What you should do: Exactly reproduce the lines of the listing below from the one containing "QR code with" through the one containing "Čiapka CAPU dámska 396 bie". Skip the images.

Records to process:

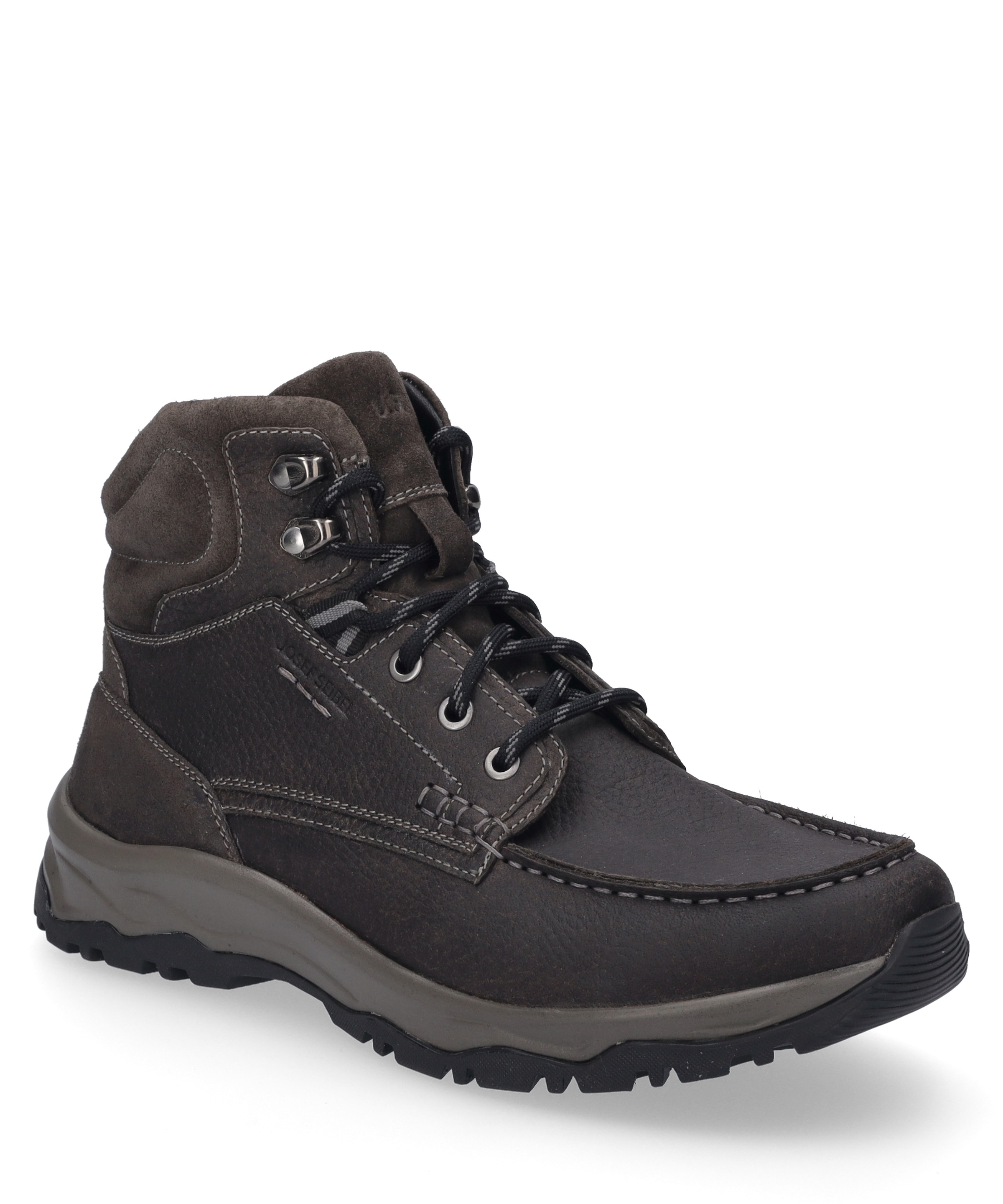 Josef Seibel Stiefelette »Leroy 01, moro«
---
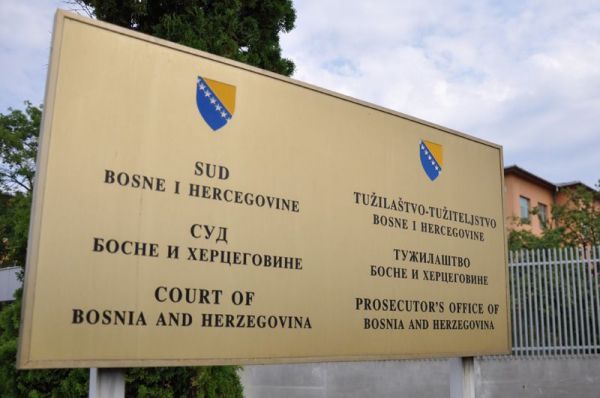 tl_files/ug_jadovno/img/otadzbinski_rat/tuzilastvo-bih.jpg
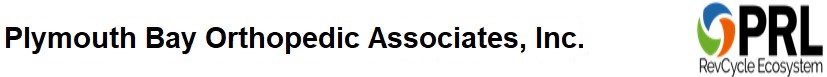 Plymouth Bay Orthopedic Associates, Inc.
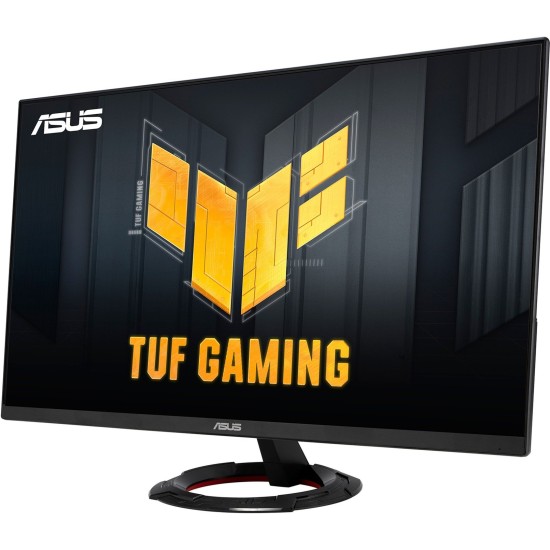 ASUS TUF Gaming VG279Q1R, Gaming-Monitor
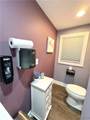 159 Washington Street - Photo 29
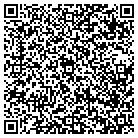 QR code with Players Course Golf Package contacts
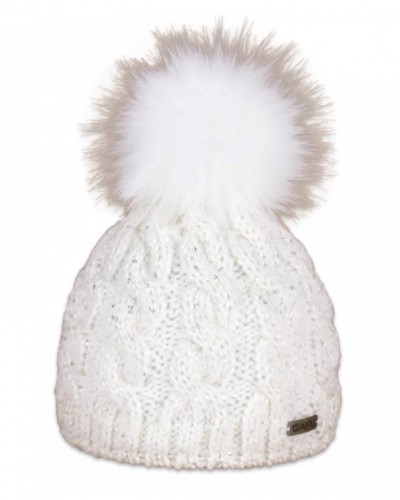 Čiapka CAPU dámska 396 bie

Solution to this task:
 QR code with Players Course Golf Package contacts
 Čiapka CAPU dámska 396 bie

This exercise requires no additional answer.